The best news to report here isn’t to do with other-worldly lateral grip or physics-defying body control. It’s that, despite its obvious superpowers, the Trophy-R remains a fast Mégane with all of the outstanding facets that we’ve come to revere, given increasingly flavourless rivals.
It hasn’t been warped into a pastiche with a few aspects of its dynamic talent amplified out of all proportion, so much as transported onto a higher level of speed and excitement whole and unaltered.
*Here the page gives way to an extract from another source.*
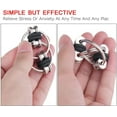 thumbnail image 4 of ORUYROP Flippy Chain Fidget Toy Relieves Stress Reducer, ADHD, Anxiety, and Autism (3 Pack), 4 of 7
Which isn’t meant to suggest that the Trophy-R rides like a normal Mégane RS, or is equally easy to guide down a bumpy B-road. You earn your corn in this car. Although the ride isn’t heinously crashy, the suspension is firm and the tyre sidewalls are unsympathetically hard and thin. The wheels skip between short, sharp lumps and bumps when the road surface suddenly turns cruel.
In the meantime, every one of those bumps is felt through the bristling, weighty, scalpel-precise steering and will frequently knock the car slightly off course. Plenty of rival hot hatchbacks make better fast road cars than this, it’s true. But none is more involving or more devoted to providing tactile vivid thrills when the opportunity presents.
And when it does – on a dry track day with plenty of more powerful machinery to pursue – the Trophy-R’s hardcore temperament serves up an absolute riot of a driving experience. Huge grip levels, feelsome and well balanced controls and benign but still absorbing front-drive handling manners inspire tons of confidence and allow you to carry heroic cornering speeds.